• [Exercise brief]
Reproduce exactly the lines below from the one containing "in daytime beautiful" through the one containing "Sunny fioritura primavera", including both, and nothing else.

Records contained in a dataset:
※ ※ ※
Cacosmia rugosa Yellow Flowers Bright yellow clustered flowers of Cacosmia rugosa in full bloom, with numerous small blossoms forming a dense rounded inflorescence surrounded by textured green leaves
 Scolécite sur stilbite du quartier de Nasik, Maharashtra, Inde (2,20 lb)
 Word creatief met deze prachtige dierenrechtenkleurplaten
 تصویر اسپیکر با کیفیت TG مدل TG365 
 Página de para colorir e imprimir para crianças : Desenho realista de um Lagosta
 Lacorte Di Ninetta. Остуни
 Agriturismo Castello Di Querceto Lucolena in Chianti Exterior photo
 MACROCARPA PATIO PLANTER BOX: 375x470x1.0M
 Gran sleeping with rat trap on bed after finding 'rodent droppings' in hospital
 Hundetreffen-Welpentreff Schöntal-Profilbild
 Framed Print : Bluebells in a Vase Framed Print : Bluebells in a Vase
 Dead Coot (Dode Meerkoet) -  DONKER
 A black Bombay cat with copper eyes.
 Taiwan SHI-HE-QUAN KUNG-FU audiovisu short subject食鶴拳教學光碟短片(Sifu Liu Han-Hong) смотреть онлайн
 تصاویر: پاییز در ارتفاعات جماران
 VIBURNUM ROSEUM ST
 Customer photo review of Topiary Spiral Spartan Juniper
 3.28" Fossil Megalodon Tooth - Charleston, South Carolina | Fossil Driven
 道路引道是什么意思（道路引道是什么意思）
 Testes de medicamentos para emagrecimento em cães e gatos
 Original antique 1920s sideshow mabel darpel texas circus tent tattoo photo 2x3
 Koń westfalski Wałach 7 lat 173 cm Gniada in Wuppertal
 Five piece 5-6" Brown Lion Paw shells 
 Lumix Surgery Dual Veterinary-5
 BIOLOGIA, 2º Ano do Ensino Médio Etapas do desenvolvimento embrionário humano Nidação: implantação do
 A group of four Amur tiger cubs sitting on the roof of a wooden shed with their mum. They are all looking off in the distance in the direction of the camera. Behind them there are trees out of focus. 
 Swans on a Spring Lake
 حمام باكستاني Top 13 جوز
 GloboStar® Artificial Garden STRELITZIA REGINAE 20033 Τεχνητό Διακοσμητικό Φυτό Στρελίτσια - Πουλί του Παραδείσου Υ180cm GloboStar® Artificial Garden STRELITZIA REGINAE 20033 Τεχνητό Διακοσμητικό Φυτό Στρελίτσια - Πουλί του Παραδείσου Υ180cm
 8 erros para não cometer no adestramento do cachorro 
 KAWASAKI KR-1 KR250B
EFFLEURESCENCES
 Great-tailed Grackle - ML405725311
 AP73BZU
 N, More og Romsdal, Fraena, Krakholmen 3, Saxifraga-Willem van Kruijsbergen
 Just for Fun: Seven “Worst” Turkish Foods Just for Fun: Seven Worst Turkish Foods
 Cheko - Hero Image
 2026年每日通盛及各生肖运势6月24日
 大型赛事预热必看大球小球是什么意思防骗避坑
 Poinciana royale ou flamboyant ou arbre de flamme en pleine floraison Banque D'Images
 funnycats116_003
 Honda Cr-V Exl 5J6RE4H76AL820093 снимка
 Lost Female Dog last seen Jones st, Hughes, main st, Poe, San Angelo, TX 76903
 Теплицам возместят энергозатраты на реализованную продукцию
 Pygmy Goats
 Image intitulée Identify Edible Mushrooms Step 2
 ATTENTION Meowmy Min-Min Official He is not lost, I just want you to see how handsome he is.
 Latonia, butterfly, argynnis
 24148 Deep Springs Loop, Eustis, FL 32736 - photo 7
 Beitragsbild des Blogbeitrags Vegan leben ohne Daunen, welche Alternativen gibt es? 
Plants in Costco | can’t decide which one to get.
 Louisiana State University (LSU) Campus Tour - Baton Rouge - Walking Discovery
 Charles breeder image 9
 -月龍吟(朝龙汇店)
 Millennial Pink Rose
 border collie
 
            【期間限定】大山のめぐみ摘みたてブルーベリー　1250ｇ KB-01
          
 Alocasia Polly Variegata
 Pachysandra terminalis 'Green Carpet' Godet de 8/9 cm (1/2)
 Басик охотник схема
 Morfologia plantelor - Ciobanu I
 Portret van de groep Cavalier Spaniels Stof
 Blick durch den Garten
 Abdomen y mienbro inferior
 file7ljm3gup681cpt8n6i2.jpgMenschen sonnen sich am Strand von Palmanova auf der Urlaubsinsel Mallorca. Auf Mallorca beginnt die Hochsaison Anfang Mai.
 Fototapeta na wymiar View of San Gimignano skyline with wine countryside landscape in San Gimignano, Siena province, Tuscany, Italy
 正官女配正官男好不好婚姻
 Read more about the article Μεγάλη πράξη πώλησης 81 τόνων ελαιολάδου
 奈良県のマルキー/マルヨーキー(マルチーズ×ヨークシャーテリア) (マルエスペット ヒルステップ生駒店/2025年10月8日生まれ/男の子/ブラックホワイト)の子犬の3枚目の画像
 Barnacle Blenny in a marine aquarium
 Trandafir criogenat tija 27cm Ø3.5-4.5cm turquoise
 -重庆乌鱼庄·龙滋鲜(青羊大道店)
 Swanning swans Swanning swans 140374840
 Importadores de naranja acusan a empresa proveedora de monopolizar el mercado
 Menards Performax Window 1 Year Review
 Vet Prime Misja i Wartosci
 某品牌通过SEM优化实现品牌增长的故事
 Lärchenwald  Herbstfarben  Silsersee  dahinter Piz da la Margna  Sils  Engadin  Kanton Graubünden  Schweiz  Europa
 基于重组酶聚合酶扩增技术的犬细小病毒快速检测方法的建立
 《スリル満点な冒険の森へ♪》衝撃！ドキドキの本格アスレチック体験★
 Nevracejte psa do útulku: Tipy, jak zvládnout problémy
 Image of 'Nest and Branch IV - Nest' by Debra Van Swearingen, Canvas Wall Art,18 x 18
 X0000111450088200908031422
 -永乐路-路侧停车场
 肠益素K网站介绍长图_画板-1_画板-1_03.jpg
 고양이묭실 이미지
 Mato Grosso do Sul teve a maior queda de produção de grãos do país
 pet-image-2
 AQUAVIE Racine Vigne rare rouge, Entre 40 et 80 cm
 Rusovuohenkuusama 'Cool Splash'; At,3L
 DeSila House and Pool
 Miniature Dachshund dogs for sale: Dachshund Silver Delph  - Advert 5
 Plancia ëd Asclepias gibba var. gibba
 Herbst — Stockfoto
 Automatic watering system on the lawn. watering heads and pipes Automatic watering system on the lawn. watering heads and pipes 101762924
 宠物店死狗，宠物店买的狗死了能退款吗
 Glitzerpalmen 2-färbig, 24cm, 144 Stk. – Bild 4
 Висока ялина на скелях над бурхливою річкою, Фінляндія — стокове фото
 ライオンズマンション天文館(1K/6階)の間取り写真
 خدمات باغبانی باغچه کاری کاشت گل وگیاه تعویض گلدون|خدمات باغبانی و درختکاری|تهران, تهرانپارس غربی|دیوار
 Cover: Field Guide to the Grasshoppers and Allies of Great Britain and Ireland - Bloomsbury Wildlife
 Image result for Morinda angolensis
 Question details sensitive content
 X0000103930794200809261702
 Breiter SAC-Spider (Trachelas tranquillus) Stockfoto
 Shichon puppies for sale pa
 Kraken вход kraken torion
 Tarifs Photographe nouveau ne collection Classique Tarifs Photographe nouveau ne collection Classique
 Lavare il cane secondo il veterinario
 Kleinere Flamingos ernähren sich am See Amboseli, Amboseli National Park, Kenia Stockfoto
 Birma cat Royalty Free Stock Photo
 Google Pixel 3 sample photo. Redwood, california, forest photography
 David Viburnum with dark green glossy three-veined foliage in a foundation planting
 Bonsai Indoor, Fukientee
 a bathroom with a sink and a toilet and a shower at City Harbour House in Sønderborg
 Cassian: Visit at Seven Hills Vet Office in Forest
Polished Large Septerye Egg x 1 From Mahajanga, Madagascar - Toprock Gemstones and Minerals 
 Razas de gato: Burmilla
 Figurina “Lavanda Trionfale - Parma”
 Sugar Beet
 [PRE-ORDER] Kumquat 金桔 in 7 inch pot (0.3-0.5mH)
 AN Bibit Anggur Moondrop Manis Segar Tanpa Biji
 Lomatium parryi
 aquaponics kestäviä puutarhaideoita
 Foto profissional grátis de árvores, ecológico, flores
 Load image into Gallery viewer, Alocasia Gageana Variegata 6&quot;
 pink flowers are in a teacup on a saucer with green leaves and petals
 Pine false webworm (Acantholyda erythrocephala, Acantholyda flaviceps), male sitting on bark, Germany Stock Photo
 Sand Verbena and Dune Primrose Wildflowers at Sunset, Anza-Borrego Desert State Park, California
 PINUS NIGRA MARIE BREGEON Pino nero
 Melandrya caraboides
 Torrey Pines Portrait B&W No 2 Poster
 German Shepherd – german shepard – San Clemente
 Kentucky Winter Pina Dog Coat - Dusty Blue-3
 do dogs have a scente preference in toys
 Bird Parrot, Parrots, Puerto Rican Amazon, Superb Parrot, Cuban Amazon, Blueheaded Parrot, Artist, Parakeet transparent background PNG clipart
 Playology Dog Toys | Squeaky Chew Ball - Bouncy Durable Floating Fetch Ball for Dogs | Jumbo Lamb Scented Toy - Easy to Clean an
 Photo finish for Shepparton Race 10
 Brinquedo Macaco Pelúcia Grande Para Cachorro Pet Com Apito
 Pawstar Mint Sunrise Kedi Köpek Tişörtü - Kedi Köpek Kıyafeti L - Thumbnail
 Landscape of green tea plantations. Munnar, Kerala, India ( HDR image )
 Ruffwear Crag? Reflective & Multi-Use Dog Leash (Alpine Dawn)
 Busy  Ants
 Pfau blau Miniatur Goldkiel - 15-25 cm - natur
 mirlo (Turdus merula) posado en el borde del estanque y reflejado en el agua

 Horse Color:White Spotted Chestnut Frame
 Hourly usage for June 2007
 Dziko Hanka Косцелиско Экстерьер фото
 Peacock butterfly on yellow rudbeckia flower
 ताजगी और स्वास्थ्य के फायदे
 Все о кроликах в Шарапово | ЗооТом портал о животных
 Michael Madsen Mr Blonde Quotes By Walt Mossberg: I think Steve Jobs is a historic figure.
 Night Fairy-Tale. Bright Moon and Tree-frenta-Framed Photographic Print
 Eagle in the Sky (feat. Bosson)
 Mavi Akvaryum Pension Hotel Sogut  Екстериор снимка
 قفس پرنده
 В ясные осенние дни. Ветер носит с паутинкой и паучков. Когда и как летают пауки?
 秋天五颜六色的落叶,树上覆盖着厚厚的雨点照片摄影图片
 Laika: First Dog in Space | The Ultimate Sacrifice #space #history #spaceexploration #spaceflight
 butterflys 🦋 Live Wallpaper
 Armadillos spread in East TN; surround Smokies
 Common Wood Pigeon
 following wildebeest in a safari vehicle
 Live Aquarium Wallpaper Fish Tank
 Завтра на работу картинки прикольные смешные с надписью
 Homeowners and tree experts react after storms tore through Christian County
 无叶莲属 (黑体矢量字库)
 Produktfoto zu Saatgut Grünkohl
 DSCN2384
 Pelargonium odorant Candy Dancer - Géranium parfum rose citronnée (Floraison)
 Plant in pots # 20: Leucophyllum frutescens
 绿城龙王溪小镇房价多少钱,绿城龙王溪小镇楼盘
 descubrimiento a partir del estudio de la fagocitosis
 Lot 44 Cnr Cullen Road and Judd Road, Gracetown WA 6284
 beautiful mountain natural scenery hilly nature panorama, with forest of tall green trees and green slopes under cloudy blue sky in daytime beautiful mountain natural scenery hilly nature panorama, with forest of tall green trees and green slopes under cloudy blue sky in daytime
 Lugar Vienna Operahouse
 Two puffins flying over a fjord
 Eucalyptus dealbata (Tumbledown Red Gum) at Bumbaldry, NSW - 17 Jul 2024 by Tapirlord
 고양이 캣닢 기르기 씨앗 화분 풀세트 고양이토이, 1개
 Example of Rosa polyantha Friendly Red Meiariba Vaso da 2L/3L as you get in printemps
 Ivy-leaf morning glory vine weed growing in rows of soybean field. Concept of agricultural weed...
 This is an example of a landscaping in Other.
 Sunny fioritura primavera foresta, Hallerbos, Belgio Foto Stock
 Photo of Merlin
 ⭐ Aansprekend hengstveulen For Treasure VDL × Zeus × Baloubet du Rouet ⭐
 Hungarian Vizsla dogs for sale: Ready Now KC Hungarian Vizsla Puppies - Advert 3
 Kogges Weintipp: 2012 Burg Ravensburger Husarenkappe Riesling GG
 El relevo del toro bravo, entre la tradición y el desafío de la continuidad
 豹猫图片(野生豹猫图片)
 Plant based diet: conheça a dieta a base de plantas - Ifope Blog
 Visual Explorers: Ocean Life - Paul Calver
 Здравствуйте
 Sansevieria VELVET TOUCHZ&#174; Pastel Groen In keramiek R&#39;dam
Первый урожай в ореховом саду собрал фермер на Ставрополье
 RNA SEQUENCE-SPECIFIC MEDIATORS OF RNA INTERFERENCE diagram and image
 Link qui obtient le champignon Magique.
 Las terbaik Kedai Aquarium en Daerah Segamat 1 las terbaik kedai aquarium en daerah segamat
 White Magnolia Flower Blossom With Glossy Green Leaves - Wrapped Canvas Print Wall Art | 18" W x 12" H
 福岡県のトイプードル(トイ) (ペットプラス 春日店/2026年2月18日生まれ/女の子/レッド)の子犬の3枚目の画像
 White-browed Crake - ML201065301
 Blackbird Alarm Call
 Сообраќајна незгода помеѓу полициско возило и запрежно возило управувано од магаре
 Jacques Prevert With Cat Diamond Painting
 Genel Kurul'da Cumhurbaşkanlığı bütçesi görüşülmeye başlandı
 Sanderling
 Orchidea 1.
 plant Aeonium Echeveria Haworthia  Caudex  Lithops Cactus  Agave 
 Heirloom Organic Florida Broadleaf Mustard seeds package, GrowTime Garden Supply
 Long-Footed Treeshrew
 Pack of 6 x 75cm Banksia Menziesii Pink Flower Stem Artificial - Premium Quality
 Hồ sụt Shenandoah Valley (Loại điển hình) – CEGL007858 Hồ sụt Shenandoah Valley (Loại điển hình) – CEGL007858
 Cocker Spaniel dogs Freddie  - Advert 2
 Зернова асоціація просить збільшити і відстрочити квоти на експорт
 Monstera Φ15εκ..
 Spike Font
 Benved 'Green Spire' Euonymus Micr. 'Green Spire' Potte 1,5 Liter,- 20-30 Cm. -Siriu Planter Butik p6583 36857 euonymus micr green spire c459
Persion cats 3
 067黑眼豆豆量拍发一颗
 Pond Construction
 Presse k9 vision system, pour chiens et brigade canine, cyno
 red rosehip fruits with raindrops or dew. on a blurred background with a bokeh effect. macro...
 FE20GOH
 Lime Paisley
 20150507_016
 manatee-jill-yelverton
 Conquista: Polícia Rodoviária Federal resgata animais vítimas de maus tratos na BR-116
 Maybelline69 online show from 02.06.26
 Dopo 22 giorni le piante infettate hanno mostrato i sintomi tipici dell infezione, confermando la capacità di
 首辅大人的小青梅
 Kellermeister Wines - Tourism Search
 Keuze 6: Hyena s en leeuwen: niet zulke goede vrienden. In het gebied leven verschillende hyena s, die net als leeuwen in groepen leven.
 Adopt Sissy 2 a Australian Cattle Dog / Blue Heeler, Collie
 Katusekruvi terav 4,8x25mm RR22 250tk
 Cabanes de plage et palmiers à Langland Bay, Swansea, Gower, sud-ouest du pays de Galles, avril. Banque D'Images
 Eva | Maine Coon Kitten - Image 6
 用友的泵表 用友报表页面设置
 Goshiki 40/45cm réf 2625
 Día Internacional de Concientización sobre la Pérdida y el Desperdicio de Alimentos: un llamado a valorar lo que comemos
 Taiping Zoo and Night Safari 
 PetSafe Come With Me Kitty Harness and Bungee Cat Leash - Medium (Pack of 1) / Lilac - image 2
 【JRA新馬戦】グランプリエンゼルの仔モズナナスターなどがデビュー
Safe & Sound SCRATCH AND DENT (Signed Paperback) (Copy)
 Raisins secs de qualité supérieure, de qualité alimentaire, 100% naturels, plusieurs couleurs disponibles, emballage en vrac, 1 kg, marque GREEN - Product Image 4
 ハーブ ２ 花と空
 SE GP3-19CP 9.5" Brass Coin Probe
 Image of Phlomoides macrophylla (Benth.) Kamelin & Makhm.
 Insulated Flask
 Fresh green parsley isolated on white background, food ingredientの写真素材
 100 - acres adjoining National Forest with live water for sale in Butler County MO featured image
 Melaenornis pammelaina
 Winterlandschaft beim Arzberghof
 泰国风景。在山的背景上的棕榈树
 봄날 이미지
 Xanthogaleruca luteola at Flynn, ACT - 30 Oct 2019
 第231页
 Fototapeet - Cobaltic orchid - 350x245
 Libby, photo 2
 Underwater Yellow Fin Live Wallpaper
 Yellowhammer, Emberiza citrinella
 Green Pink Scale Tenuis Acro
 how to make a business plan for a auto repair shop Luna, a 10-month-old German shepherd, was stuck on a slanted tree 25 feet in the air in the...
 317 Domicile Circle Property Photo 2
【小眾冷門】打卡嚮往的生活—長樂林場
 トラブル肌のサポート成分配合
※ ※ ※
• [Written solution]
 beautiful mountain natural scenery hilly nature panorama, with forest of tall green trees and green slopes under cloudy blue sky in daytime beautiful mountain natural scenery hilly nature panorama, with forest of tall green trees and green slopes under cloudy blue sky in daytime
 Lugar Vienna Operahouse
 Two puffins flying over a fjord
 Eucalyptus dealbata (Tumbledown Red Gum) at Bumbaldry, NSW - 17 Jul 2024 by Tapirlord
 고양이 캣닢 기르기 씨앗 화분 풀세트 고양이토이, 1개
 Example of Rosa polyantha Friendly Red Meiariba Vaso da 2L/3L as you get in printemps
 Ivy-leaf morning glory vine weed growing in rows of soybean field. Concept of agricultural weed...
 This is an example of a landscaping in Other.
 Sunny fioritura primavera foresta, Hallerbos, Belgio Foto Stock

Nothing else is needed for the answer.